Dopiero w 2004 r. jezuici wnieśli prośbę do IPN w Rzeszowie o zbadanie przyczyn spalenia cudownego obrazu. Po prowadzonym śledztwie trwającym ponad dwa lata przyjęto wersję, że była to zbrodnia komunistyczna: Czyn ten, tj. podpalenie obrazu Zaśnięcia i Wniebowzięcia Matki Bożej w Starej Wsi, a w konsekwencji znieważenie przedmiotu czci religijnej i obrazę uczuć religijnych jako stanowiące formę naruszenia praw człowieka stanowi zbrodnię komunistyczną. Zgodnie z zasadą wyrażoną w art. 4.1a ustawy o Instytucie Pamięci Narodowej – Komisji Ścigania Zbrodni przeciwko Narodowi Polskiemu czyn ten nie podlega przedawnieniu. Niestety przeprowadzone śledztwo nie pozwoliło na jednoznaczną identyfikację sprawców.

Obecność Maryi

Wbrew zamierzeniom autorów zamachu kult Matki Bożej Starowiejskiej, zamiast wygasać, zaczął się odradzać i umacniać. Najpierw została odtworzona (1970-1972) kopia cudownego obrazu przez doc. dr Marię Niedzielską, konserwatora z Akademii Sztuk Pięknych w Krakowie. Dnia 10 IX 1972 r. nowy obraz został ukoronowany na mocy dokumentu papieskiego z 2 VII 1972 r.: postanawiamy i polecamy, aby wspomniany święty Wizerunek Bożej Rodzicielki mógł być ukoronowany drogocenną koroną ze złota w naszym imieniu i wśród uroczystych obrzędów…

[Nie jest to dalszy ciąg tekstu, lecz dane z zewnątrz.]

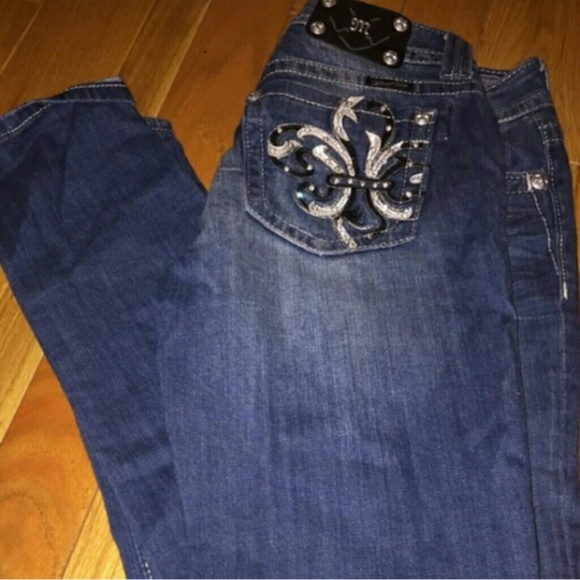 Miss me skinny jeans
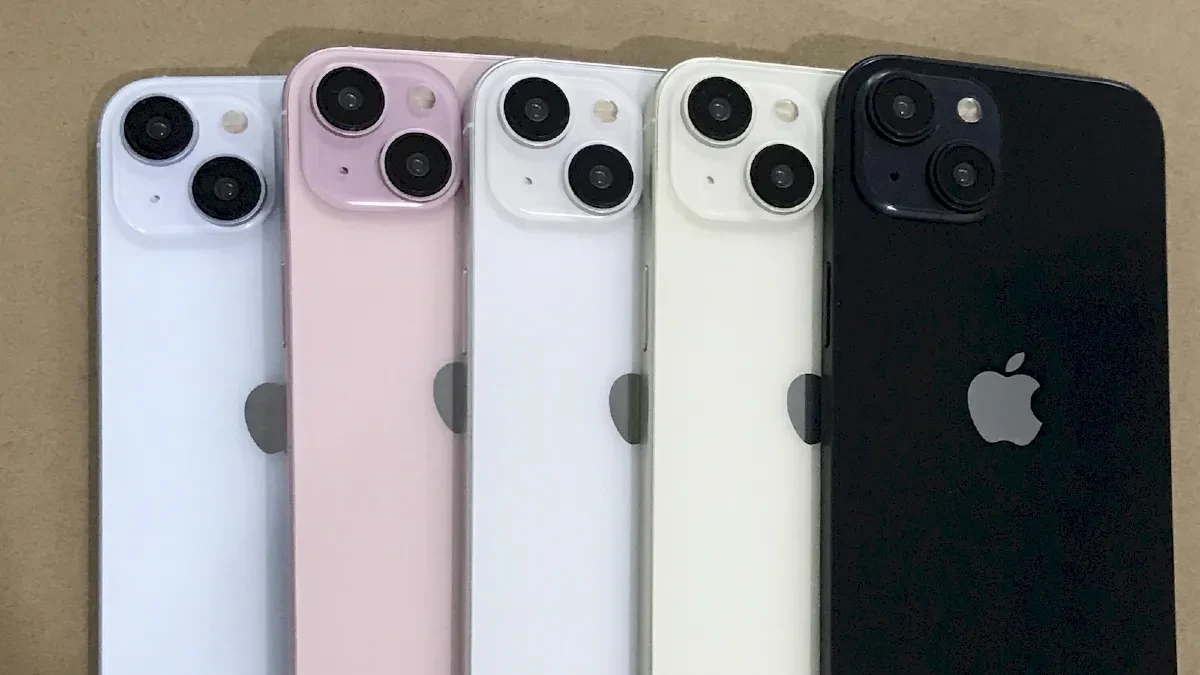 苹果iPhone 15和iPhone 15 Pro手机电商价格大跳水最高差价超过1700元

Aktu powtórnej koronacji złotymi koronami z 1877 r. dokonali: Prymas Polski kard. Stefan Wyszyński wizerunku Matki Bożej w dolnej scenie Zaśnięcia, a ordynariusz przemyski bp Ignacy Tokarczuk w górnej części sceny Wniebowzięcia. W uroczystości uczestniczyły dziesiątki tysięcy świeckich wiernych.

We wrześniu 1978 r. w setną rocznicę koronacji, uroczystą Mszę św. przed cudownym obrazem odprawił kard. Karol Wojtyła. Była to jego ostatnia oficjalna podróż jako metropolity przed wyborem na papieża 16 X 1978 r.

W ostatnich latach bazylika starowiejska została gruntownie odrestaurowana. Na nowo pełnym blaskiem rozbłysło jej wnętrze. Po 44 latach od tragicznego pożaru niemal proroczo brzmią słowa ks. bpa Jerzego Ablewicza z 1968 r.: Obecność Maryi przekracza granice miejsca 18 i czasu. Ona zawsze była i jest obecna, by nieść ludziom pomoc, wypraszać im łaski. Może ta klęska straszliwa jest zapowiedzią szczególnych łask, którymi Najświętsza Maryja Panna będzie nas obdarzać… Chociaż ze starego Wizerunku została tylko zwęglona deska z koroną, to jednak Maryja jest w Starej Wsi, i niech to będzie źródłem waszej nadziei.